Temporal Difference waits for only one interaction (one step) \(S_{t+1}\) to form a TD target and update \(V(S_t)\) using \(R_{t+1}\) and \(\gamma∗V(S_{t+1})\).
The idea with TD is to update the \(V(S_t)\) at each step.
But because we didn’t experience an entire episode, we don’t have \(Gt\) (expected return). Instead, we estimate \(G_t\) by adding \(R_{t+1}\) and the discounted value of the next state.
This is called bootstrapping.

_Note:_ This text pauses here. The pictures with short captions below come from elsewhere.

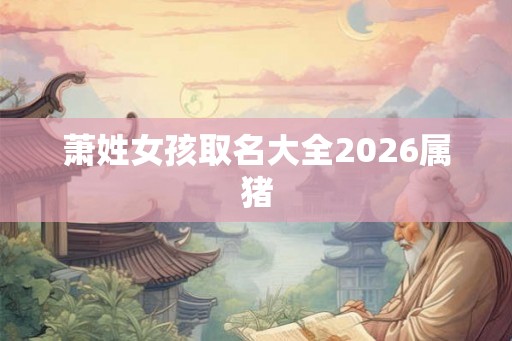 萧姓女孩取名大全2026属猪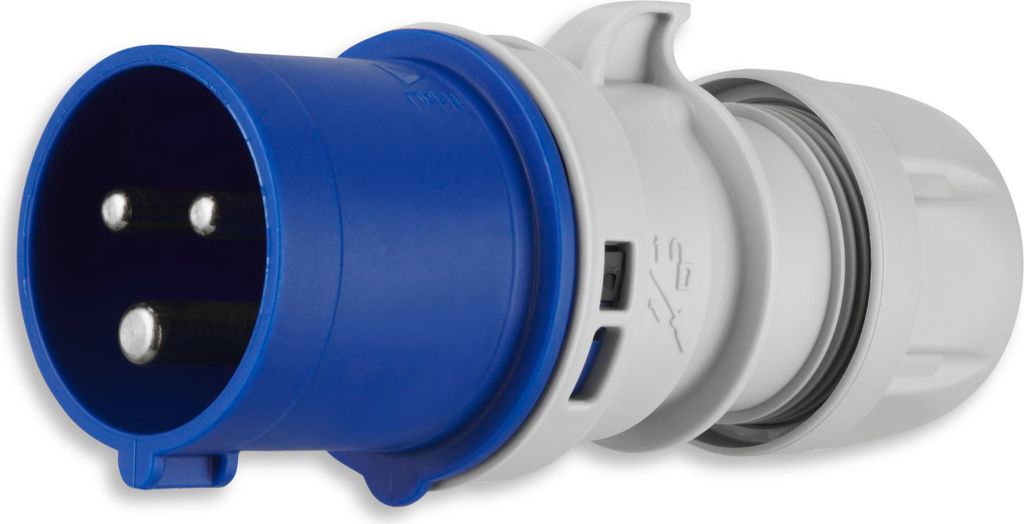 REV Caravan CEE Stecker 3-polig IP44 230 V 16 A Blau Produktbild 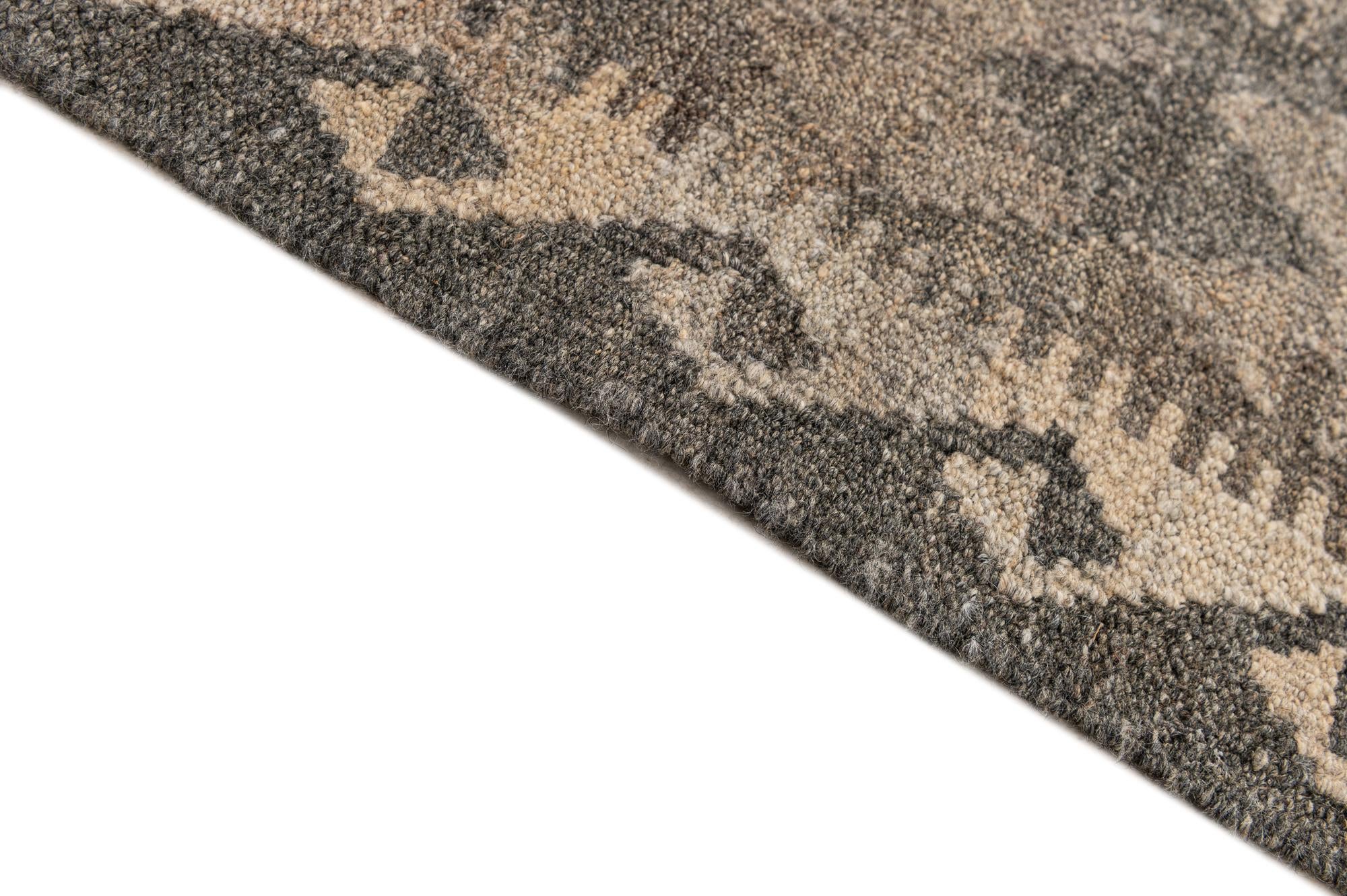 6' 7 x 9' 8 Hand Woven Kilim Maymana Wool Rug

It’s called this because TD bases its update part on an existing estimate \(V(S_{t+1})\) and not a complete sample \(G_t\).
Example
- We just started to train our value function, so it returns 0 value for each state.
- Our learning rate (lr) is 0.1, and our discount rate is 1 (no discount).
- Our mouse explore the environment and take a random action: going to the left
- It gets a reward \(R_{t+1}=1\) since it eats a piece of cheese
- We can now update \(V(S_0)\):
- New \(V(S_0)=V(S_0)+lr∗(R_1+\gamma∗V(S_1)−V(S_0))=0+0.1∗(1+1∗0–0)=0.1\)
- So we just updated our value function for State 0. Now we continue to interact with this environment with our updated value function.